If you ever name two volume groups the same thing, and something goes wrong, you may be faced with the same problem. Creating conflicting names is easy to do, unfortunately, as the operating system has a default primary volume group name of VolGroup00.

Restoring Access to the RAID Array Members

To recover, the first thing to do is to move the drive to another machine. You can do this pretty easily by putting the drive in a USB2 hard drive enclosure. It then will show up as a SCSI hard disk device, for example, /dev/sda, when you plug it in to your recovery computer. This reduces the risk of damaging the recovery machine while attempting to install the hardware from the original computer.
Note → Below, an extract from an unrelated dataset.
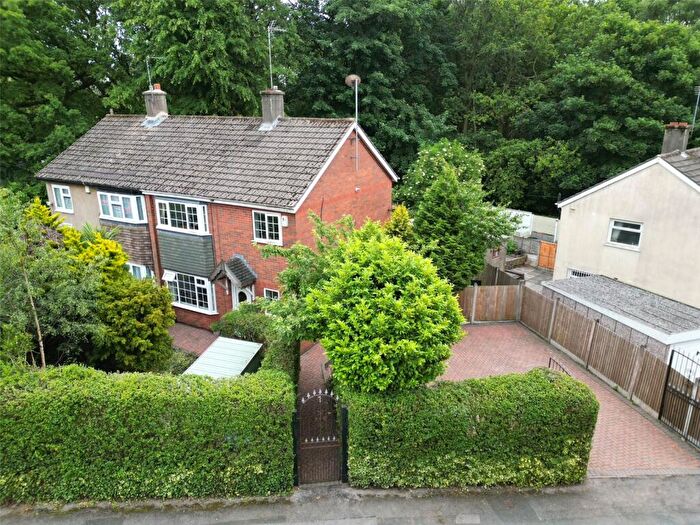 3 Bedroom Semi-Detached House For Sale In Cranmer Bank, Leeds, West Yorkshire, LS17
The challenge then is to get the RAID setup recognized and to gain access to the logical volumes within. You can use sfdisk -l /dev/sda to check that the partitions on the old drive are still there.

To get the RAID setup recognized, use mdadm to scan the devices for their raid volume UUID signatures, as shown in Listing 3.

Listing 3. Scanning a Disk for RAID Array Members

[root@recoverybox ~]# mdadm --examine --scan  /dev/sda1 /dev/sda2 /dev/sda3

ARRAY /dev/md2 level=raid1 num-devices=2

 UUID=532502de:90e44fb0:242f485f:f02a2565

   devices=/dev/sda3

ARRAY /dev/md1 level=raid1 num-devices=2

 UUID=75fa22aa:9a11bcad:b42ed14a:b5f8da3c

   devices=/dev/sda2

ARRAY /dev/md0 level=raid1 num-devices=2